First of all, the idea of military slavery is not almost laughable today. As long as there is the distinct possibility that a maniac like John McCain or a psychopath like Hillary Clinton could be the most powerful person in the world, or that someone equally bad could take power in the near future, there is always the improbable but significant possibility that military slavery will return to America.

I make my prediction here and now that during my lifetime, there will be substantial talk and considerable fear of military conscription of United States citizens. I will not go so far as to predict it will happen (yet), but I think there will be a much greater danger of it. You can chastise me for making such a non-qualitative and therefore rather subjective prediction, but, fine, I still think we’ll hear talk about it sooner rather than later, from elected criminals. Furthermore, I predict that those politicians will be on record as opposing the draft before they made the suggestion that we reinstate it. (I’m aware of Sen. Charles Schumer’s suggestion that we enslave young adults in the Army in order to dissuade the neocons from continuing their aggressive foreign policy or expanding their wars of aggression.)

Outside of military slavery, how else do the absurd domestic and foreign policies of the Republocrats impact us directly? Why does this kid think “we have no personal stake in the conflict” and “we have not been asked to sacrifice anything”?

Perhaps he hasn’t heard of the Patriot Act, President Bush’s wiretapping executive order, his martial law executive order, the increasing militarization of police departments across the United States, the record incarceration rate of American citizens, the violent America-hatred the Republocrats have inspired abroad, the inefficiency and harassment we are subjected to by the TSA, the national ID card (Real ID) that will be forced upon us in a few years, the incredibly bloated budget the Republocrats justify by citing and distracting us with the War on Terrorism, or the fact that we have devolved so far as to debate whether the Supreme Court should hear a case on whether the Second Amendment applies to individuals. I seriously doubt this green and idealistic kid is aware of the Austrian theory of the business cycle, libertarians’ searing criticisms of the very existence of the Federal Reserve, or the arguments by a presidential candidate in favor of returning the dollar to a gold standard and abolishing the Fed. All these State-caused factors reduce our quality of life in important social, cultural, and economic ways.

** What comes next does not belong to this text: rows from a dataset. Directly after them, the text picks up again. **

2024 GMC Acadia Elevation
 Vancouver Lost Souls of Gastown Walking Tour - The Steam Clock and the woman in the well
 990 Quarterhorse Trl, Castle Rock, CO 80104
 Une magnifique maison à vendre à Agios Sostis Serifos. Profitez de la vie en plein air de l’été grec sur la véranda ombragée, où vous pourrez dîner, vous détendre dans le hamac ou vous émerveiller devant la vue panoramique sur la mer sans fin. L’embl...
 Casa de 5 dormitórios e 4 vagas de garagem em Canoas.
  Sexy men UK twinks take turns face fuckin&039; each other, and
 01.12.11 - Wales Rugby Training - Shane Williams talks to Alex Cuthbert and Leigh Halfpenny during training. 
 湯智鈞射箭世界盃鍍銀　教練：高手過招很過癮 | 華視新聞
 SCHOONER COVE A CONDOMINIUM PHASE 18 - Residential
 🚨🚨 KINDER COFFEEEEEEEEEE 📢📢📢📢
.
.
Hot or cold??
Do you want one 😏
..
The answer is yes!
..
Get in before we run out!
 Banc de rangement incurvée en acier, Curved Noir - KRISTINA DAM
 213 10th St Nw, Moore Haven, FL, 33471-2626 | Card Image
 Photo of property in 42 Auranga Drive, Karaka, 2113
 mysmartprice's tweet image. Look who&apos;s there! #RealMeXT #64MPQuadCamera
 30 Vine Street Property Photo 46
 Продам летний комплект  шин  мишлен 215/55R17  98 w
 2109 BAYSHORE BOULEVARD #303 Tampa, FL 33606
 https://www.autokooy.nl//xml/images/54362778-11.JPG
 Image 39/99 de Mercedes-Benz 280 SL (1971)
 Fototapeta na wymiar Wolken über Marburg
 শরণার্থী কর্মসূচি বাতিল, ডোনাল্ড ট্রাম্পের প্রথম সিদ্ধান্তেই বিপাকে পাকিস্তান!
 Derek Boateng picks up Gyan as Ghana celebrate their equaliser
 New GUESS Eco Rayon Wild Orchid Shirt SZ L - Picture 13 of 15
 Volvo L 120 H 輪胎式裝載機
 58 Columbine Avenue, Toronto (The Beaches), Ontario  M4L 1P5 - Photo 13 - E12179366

All of these are direct or indirect results of the Imperial Federal Government’s aggressive foreign policy, its War on Terrorism, and its homeland security obsession.

The out-of control spending, inflation, and the State’s efforts to fix the economic problems it caused are the worst, and these are all facilitated by the existence of a war because domestic spending and intervention always increase in wartime, as the professional criminal class (and most of the public) are more prone to support governmental expenditures and interventions if “national security” (!) is at stake. The economic consequences of the last several decades and the Bush regime in particular should not be overlooked, especially by young people who are going to be left with these burdens by the Worst Generation. As Lew Rockwell said, “Crush an economy and you crush civilization.”

However, Peter Fulham makes some good points and I’m glad I read his column. Young people don’t do enough to show their anger, loudly and publicly, about the Imperial Federal Government’s foreign policy, specifically its wars of aggression and further incitement of terrorism. And our professional criminal class isn’t scared enough of the ire they raise among young voters, or old ones, for that matter. The government doesn’t fear the people; the people fear the government, and that is why there is tyranny.

I wonder if part of the insufficient-anger problem can be explained by a lack of strong, well-defined moral-political principles among young Americans. Now, it could be that I’m biased and I think anyone who doesn’t espouse moral principles based on self-ownership and private property rights doesn’t have really strong political principles. However, as I’ve written before and will write many times again, most liberals and conservatives seem to arrive at their political beliefs by envisioning how they want the world to be or what they want fixed, and then supporting political candidates who promise to use the coercive power of the State to achieve those ends. This is not morally principled. This is saying the ends justify the means, and the ends are good so the means must be.

Libertarians, on the other hand, have a very strong conviction that the State is evil always and everywhere, and its very existence should be fiercely opposed, and so we oppose its military adventures as a corollary to that. Our principle is that people have the innate right to do what they want with their lives, liberty, and property, and that this right applies equally to everyone at all times; and the form this takes regarding politics is that taxation and other activities of monopolistic states are evil and immoral.

Perhaps a lack of such clear, absolute, logical, and well-defined morals makes young Americans oppose Bush’s foreign wars specifically and not American foreign policy in general. How many young people spoke out in anger against Bill Clinton’s intervention in Bosnia and bombings of Iraq? How much principled opposition was there among youths to Madeleine Albright’s monstrous assertion that, even though the embargo on Iraq weakened Saddam Hussein very little and caused the starvation of millions of Iraqis, “the price is worth it”? How many young liberals who oppose the Imperial Federal Government’s pro-Israel policies would oppose a more pro-Palestine foreign policy equally as vehemently? How many young liberals who opposed the Bush regime’s invasion of Iraq would, equally as strongly, oppose an Obama administration’s intervention in Sudan’s civil war? How many young liberals who didn’t like the first president Bush’s “Blackhawk Down” fiasco in Somalia also think the United States should end all other murderous, militant intervention in Somalia?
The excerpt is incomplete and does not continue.